Figure 6. Expression of hypoxia-inducible Cas9 and TdT promotes insertion abundance and length in proportion to duration of treatment with the hypoxia mimic DMOG.

(A) When transfected with hypoxia-inducible Cas9 and TdT, an ever-higher proportion of CHYRON₂₀ loci accumulate insertions upon longer treatment and higher doses of DMOG, a hypoxia mimic. 293T-CHYRON₂₀ cells were transfected with a plasmid encoding Cas9 and TdT under the control of a promoter containing four copies of the hypoxia response element; Cas9 is additionally fused to a degron that destabilizes proteins in the presence of normal levels of oxygen. After transfection, cells were treated with the DMOG or a vehicle control and then collected at the indicated time and analyzed as in Figure 3A. Bars represent the average of three technical replicates. Error bars=±stdev. (B) CHYRON 16 loci accumulate insertions at a lower, but still dose-dependent rate when transfected with hypoxia-inducible Cas9 and TdT and exposed to DMOG. 293T-CHYRON16 cells were transfected and insertions analyzed as in (A). (C) In 293T-CHYRON16 cells transfected with hypoxia-inducible Cas9 and TdT, insertions grow longer with increasing duration of exposure to DMOG. Lengths of pure insertions in the CHYRON₁₆ experiment were calculated. Bars represent the average of three technical replicates. Error bars=±stdev.

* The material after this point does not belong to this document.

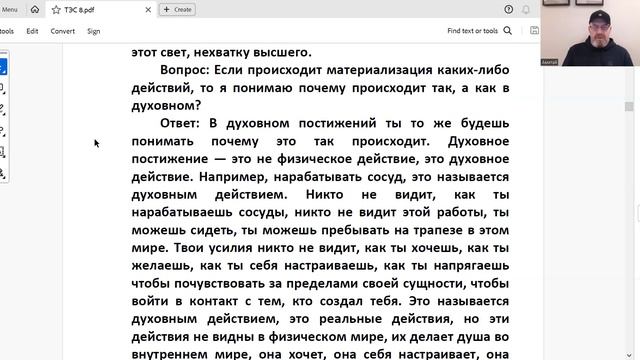 ТЭС 8 Урок 20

Current and future capabilities of CHYRON

There are three unique features of the CHYRON architecture that we believe will lead to its broad application and motivate its continued development in our and other labs. First is the high information content and density of CHYRON. CHYRON is able to diversify a very compact recording locus, consisting of a single site that is repeatedly modified, so that the locus can bear a unique sequence in each of tens of thousands of cells. This capability may be especially important for applications where it is difficult to capture all cells that might be related to each other, in which case a DNA recorder with a high information content is necessary to limit the possibility of misleading convergent sequences in unrelated cells. Second is the property that CHYRON records information by generating an ordered accumulation of random insertions. Unlike deletions and substitutions, pure ordered insertions gain information without corrupting or removing previous information, which is ideal for a DNA recorder. The ordered nature of insertions generated also introduces the possibility that, if TdT can be engineered to add different types and lengths of nts deterministically and the activity of the different TdTs can be coupled to different cellular stresses or the cell cycle, the CHYRON locus would record the relative timings of the different stresses in the cell’s history or even provide an accurate count of cell divisions. The latter may enable single-cell-resolution lineage reconstruction from sparsely sampled CHYRON sequences, a goal we are actively pursuing. Third, CHYRON is a high-information DNA recorder that uses only a single genomic site. Because the recording site and Cas9/TdT machinery can be encoded at a single locus, CHYRON can be readily transplanted into new cell or animal lines.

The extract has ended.